The role of perR on Group B Streptococcus peroxide and iron regulation

Streptococcus agalactiae, also known as Group B Streptococcus (GBS), is a Gram Positive facultative anaerobe that generally persists in the gut and reproductive tract, and can become opportunistically pathogenic in immunocompromised hosts. To better understand GBS persistence and disease morphologies, we have investigated the peroxide responsive repressor (perR) in GBS, to allow for better characterization of this organism’s response to reactive oxygen species (ROS) stress and iron regulation mechanisms. PerR is a repressive regulator that has been characterized in other Gram-Positive organisms, but not in GBS. However, in GBS it has been identified in a murine vaginal colonization transposon library experiment as impactful for the purpose of persistence in that environment. Characterizing the role of perR in GBS will increase our understanding of how this catalase negative organisms response to reactive oxygen stress, and how the ROS response and iron homeostasis may interact. Using perR deletion strains, we showed that perR does act as a regulator of the peroxide stress response, as deletion strains show increased resistance to hydrogen peroxide. In a murine model of GBS vaginal colonization, perR depletion strains also showed a modest decreased colonization persistence compared to WT strains in CD-1 mice.

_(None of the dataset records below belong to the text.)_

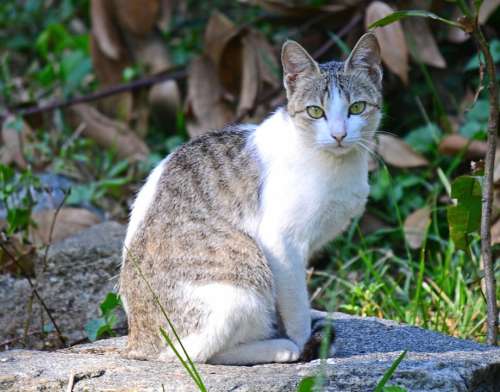 Cat Animal Pet Feline Sri Lanka Mawanella Ceylon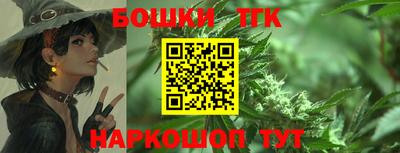 индика Беслан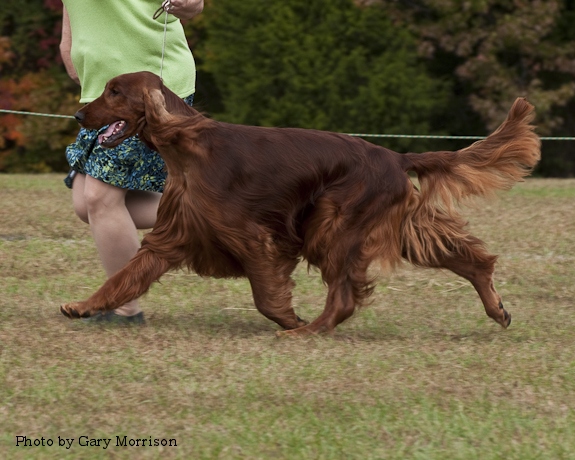 Champion Kinloch's Without a Doubt 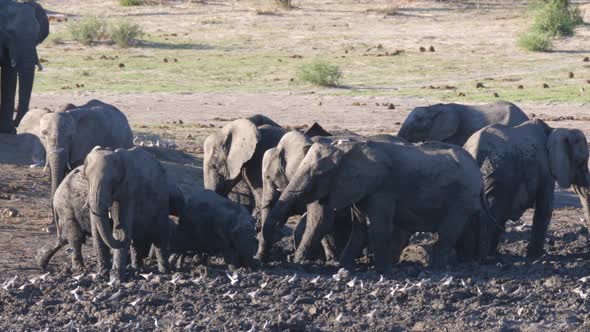 Herd of African Bush elephants enjoying an almost dry mud bath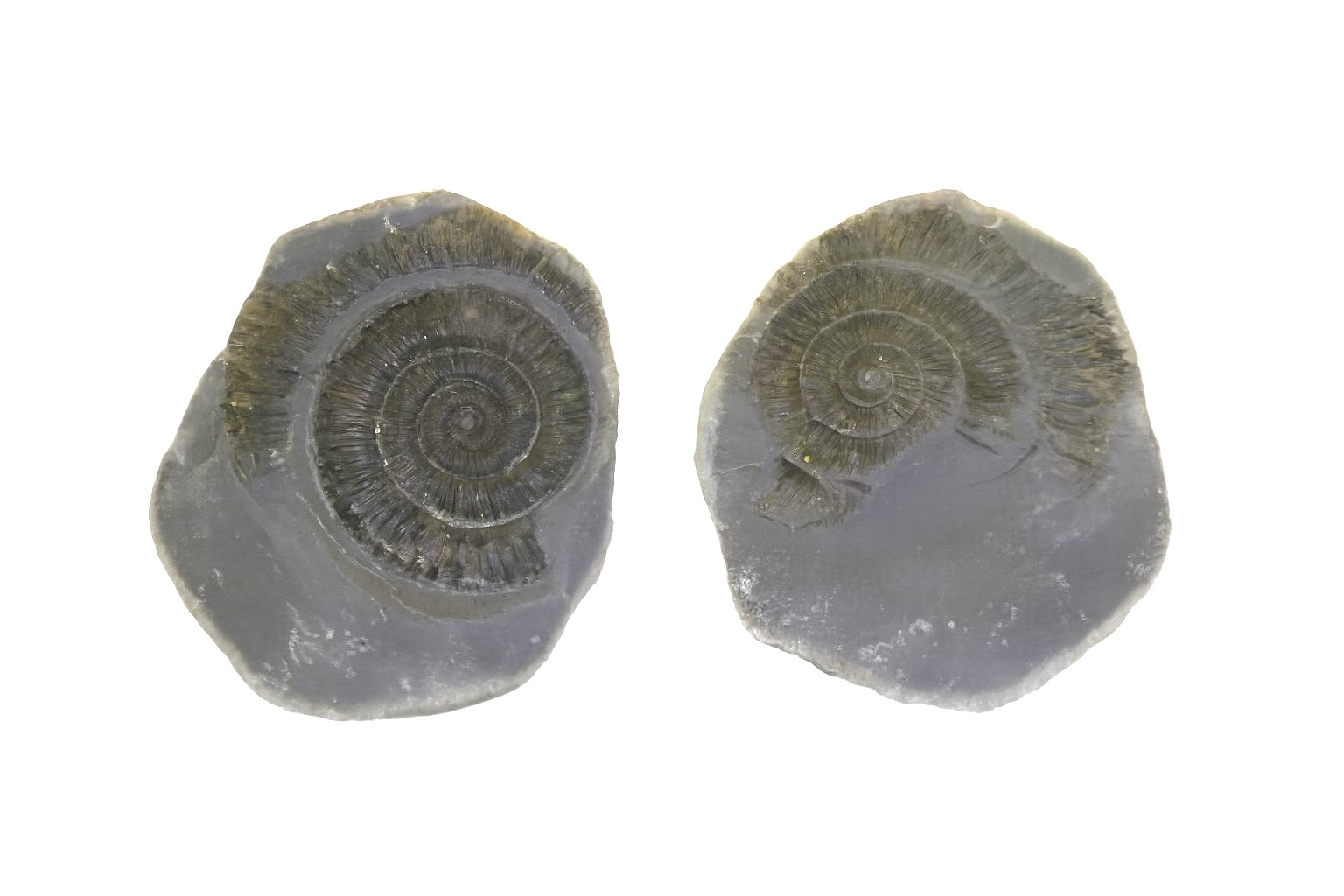 Dactylioceras commune.
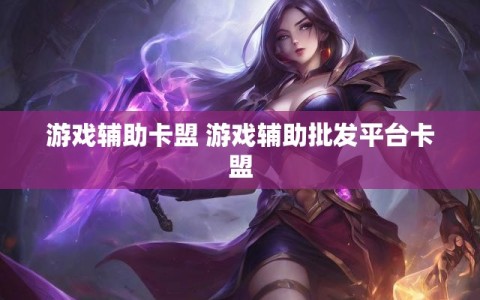 游戏辅助卡盟 游戏辅助批发平台卡盟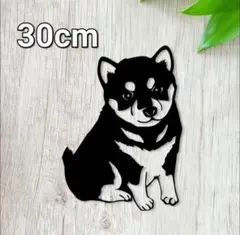 Item thumbnail for item 6a928a72-53f5-44b6-83a5-382139e8cdd8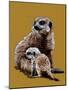 New Baby Meerkats on Golden Yellow, 2020, (Pen and Ink)-Mike Davis-Mounted Giclee Print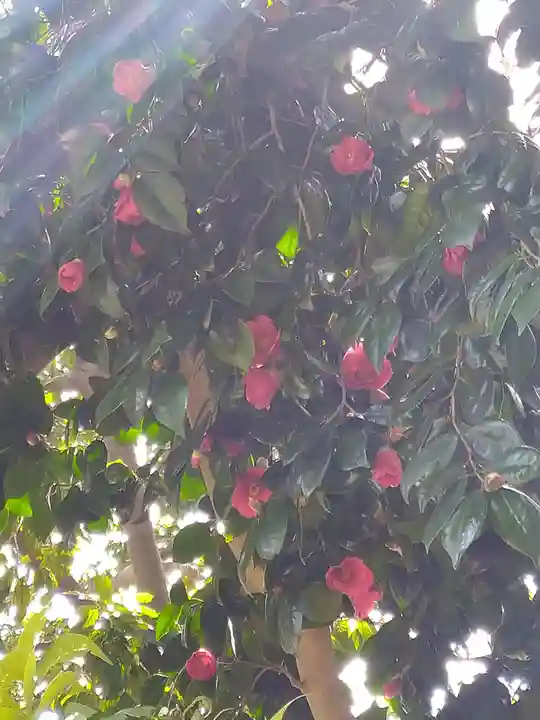 阿智神社の自然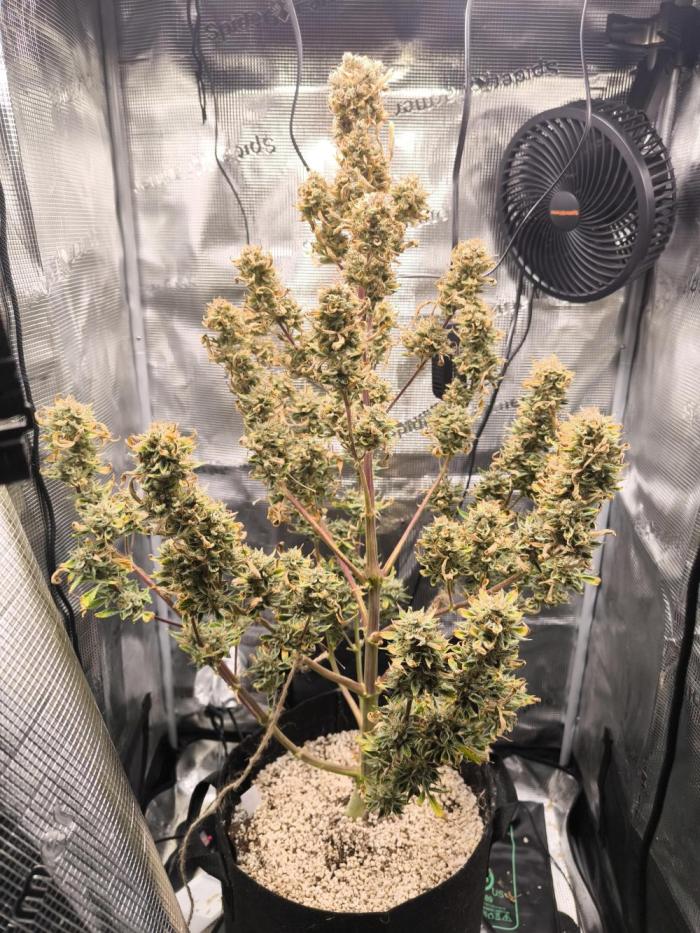 First time #1 Haze berry auto. Week 12 - 18/01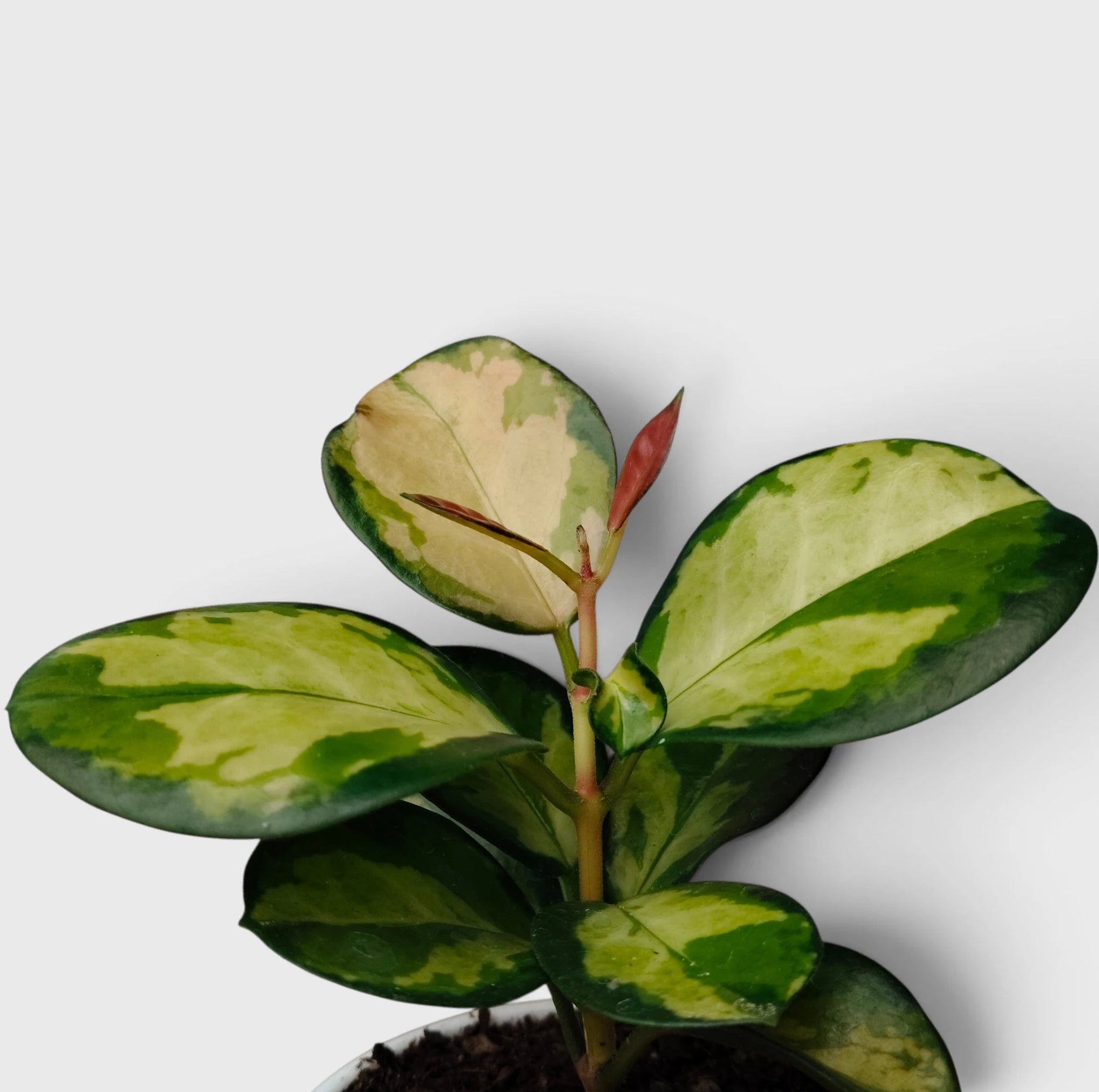 Hoya Australis Lisa Variegated – Colourful Trailing Indoor Plant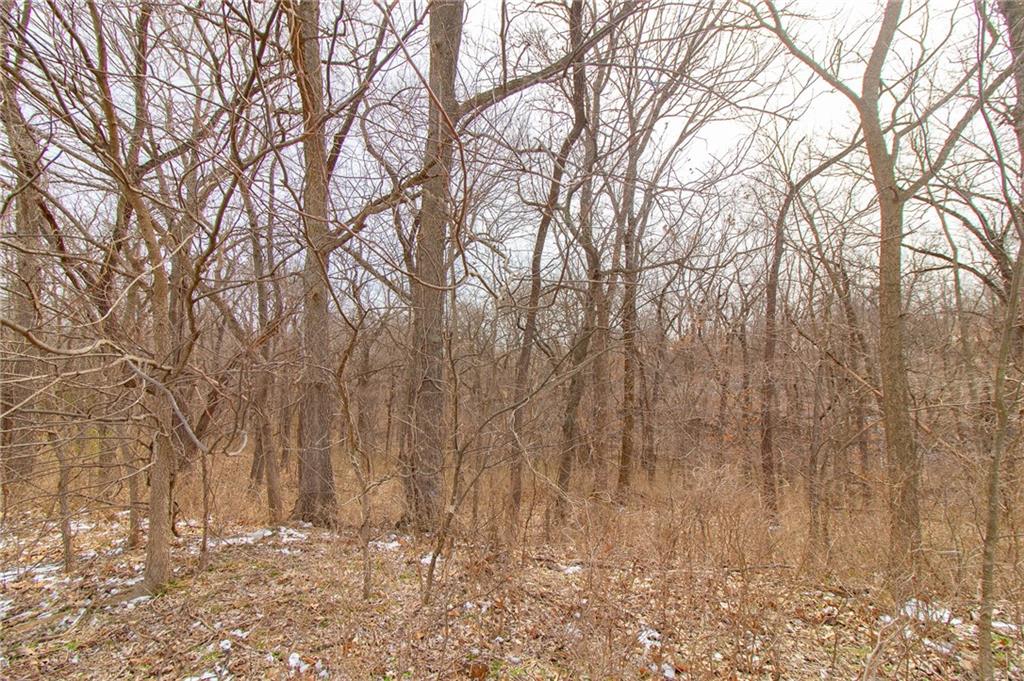 1270 Southwest 50th Road Holden, MO 64040 - Photo 52 of 54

PerR was also shown to play a role in iron regulation and homeostasis, as a deletion strain shows both increased sensitivity to iron chelation, and increased resistance to iron toxicity. Q-PCR was also used to identify several iron homeostasis genes, fetB and VIT, that are upregulated in a perR mutant background. Due to the role of GBS as an opportunistic pathogen in systemic disease, we also investigated the virulence of the perR mutant in a murine model of systemic disease. In this model, the mutant strain showed significantly decreased virulence compared to WT strains. Overall, in GBS perR has been characterized as being a driver of regulation for both peroxide stress and iron homeostasis, as well as a regulatory of certain virulence genes and phage elements.